10:07: batched editing. do a search and then batched change any fields for those search results. nice. running short of time so not demo’ing.

manage deposits screen (for users) icons on the right of each item of yours, to see, delete, move, etc. you change what columns you see on this screen by using icons at the bottom of the screen, can also move them around.

Impact Evidence: citation tracking, researchers can track citations counts and rank papers. volatile fields don’t change the history of a record. download counts from irstat.

Better bibliographies. can reorder, choose what to view, better control. this is very much needed as different researchers want their publication list in a different way. uses stylesheets.

Complex objects: all public objects have official URIs. expanded document-level metadata .

Versioning (based on VERSION project). ‘simple and useful’. pubished material ‘pre post or reprints’. unpublished materail, early draft, working paper. looks good.

10:19: Improve Document uploader. can upload a zip file of many files.

10:25 discussion about versions, e.g. how a user may add a draft (with limited metadata) and then go on and re-edit the item later on when they have a published version.

‘Contributers’ field. roles taken from dc relator names (225). large list of roles, may want to cut down.

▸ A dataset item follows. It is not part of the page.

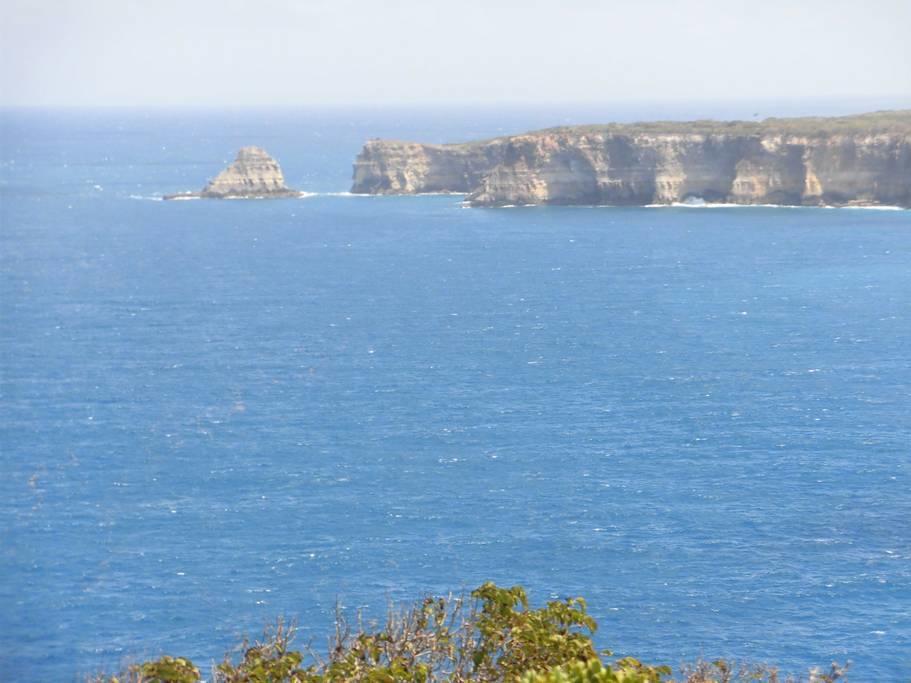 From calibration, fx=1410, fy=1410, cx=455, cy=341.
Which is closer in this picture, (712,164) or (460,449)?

A new skin, but not for 3.1 – i.e. record/abstract page will show a thumbnail of the item at the top, because the item is the important thing not the metadata (which is what is emphasised in the ui at the moment), i.e. in the same way that flickr shows the photo as the main thing on the page, and metadata at the bottom, good idea. new layout looks good.

Future: no time to talk: cloud computing, amazon eprints services perhaps (you just sign up to a IR on amazon and one is automatically created). On top of Fedora (saw folks on IRC talking about the same for Dspace the other day), or the Microsoft offering just announced. In a box (i.e. comes out the box as a pre-installed server) honeycomb.